A catherine wheel is a coiled firework that spins round while burning giving a wheel of sparks. St catherine was martyred by being put on an upturned cartwheel and spun round while having her limbs broken with hammers. A similar incident takes place in 'hunch back of notre dame'.

I like the idea that the laser specifies where the kerf is going to be and its width. I have yet to cut accurately to the line but need to do so for a shelf in a bathroom cabinet. I plan to use a guide rail at the moment.
johnep


----------



## johnep (Apr 12, 2007)

Oh dear I am beginning to suffer from tool lust. What with the wixey guage and now the laserkerf it is a good job I don't have a table or mitre saw or I would be buying gadgets galore.
The laserkerf is a brilliant idea.
johnep


----------



## Corndog (Apr 26, 2007)

I'm gonna try to dis-able mine.

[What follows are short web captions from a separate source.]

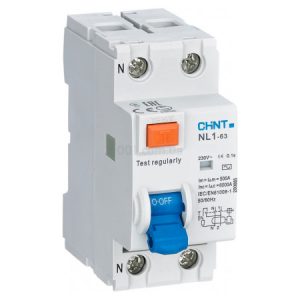 ПЗВ NL1-63 2P 63A 30mA тип АС 6kA DB, CHINT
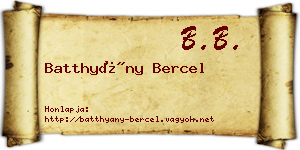 Batthyány Bercel névjegykártya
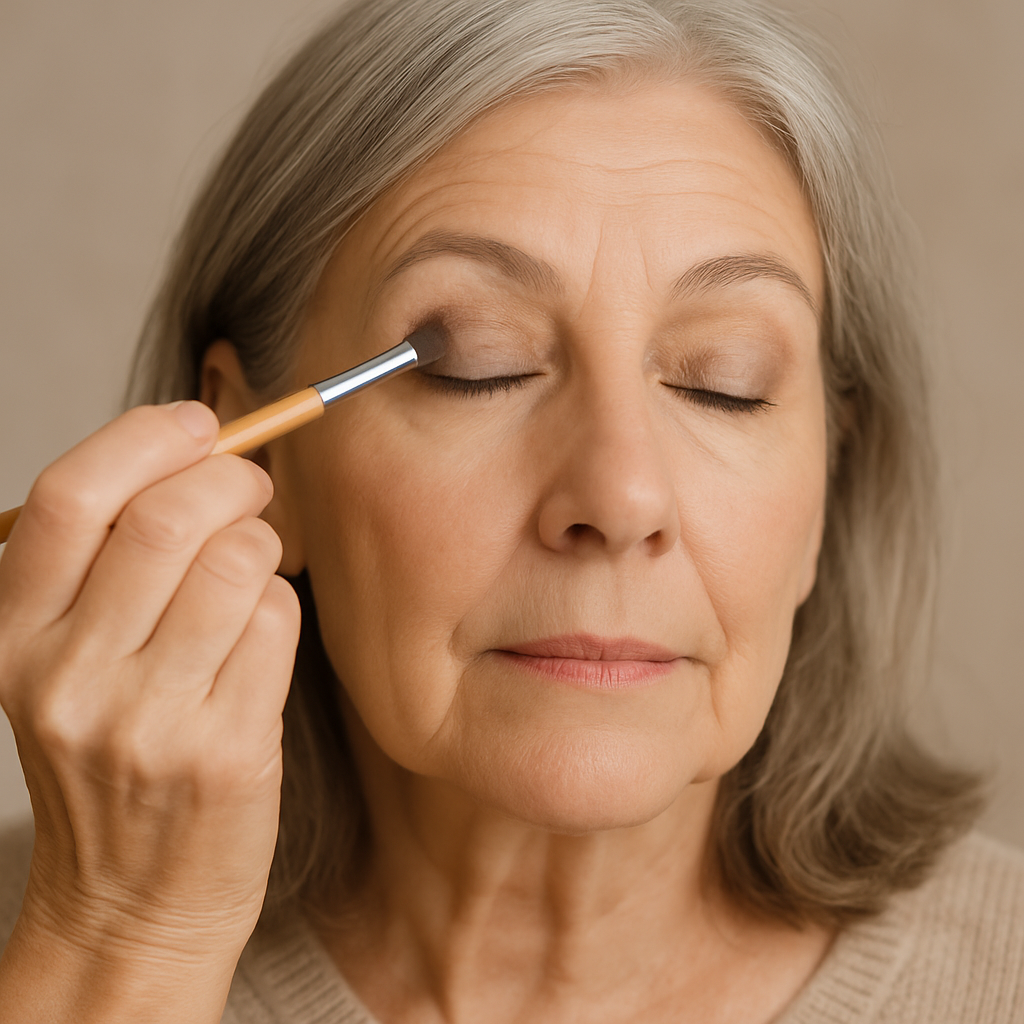 Delineado para Párpados Caídos en Mujeres de 60 Años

I can't seem to fine the original bolt and washer that came with saw.The laser line is just too distracting.
Although, when I first saw it on NYW I was intrigued...but that was YEARS ago...when I could afford cable.:laughing:


----------



## mdlbldrmatt135 (Dec 6, 2006)

Mine installs like that........ Just never bothered to install it........LOL


----------



## LGC KX5 TC (Dec 23, 2008)

Corndog said:


> I'm gonna try to dis-able mine. I can't seem to fine the original bolt and washer that came with saw.The laser line is just too distracting.
> Although, when I first saw it on NYW I was intrigued...but that was YEARS ago...when I could afford cable.:laughing:


If you are talking about the irwin model laser, just take out the batteries or better yet flip them over that way it will still be balanced.


----------



## firehawkmph (Apr 26, 2008)

I only put lasers on my sharks, or evil sea bass when I can't get the sharks.......:laughing:
Lasers are for people who don't trust their pencil marks, nothing but a gimmick in my book. Just my .04
Mike Hawkins


----------



## TheRecklessOne (Jul 22, 2008)

I'm still a little creeped out by the Catherine wheel stuff...


----------



## tl_foster (Dec 12, 2008)

*Laser works for me*



bigjoedo said:


> Hey folks,
> 
> I purchased an Irwin retrofit laser guide for my 10" delta miter saw. It replaces the outer washer on the saw and is really pretty cool.
> Joe
> ...


I picked up one like the Irwin and put on my Makita 10" miter saw. It definitely marks the left edge of the blade. I like it because I can readily see if I'm cutting the line. It's also great for finessing a miter if its a shade too long.

I may have to look at one of the aftermarket addons mentioned above. Having the kerf marked seems like it would be good too.


----------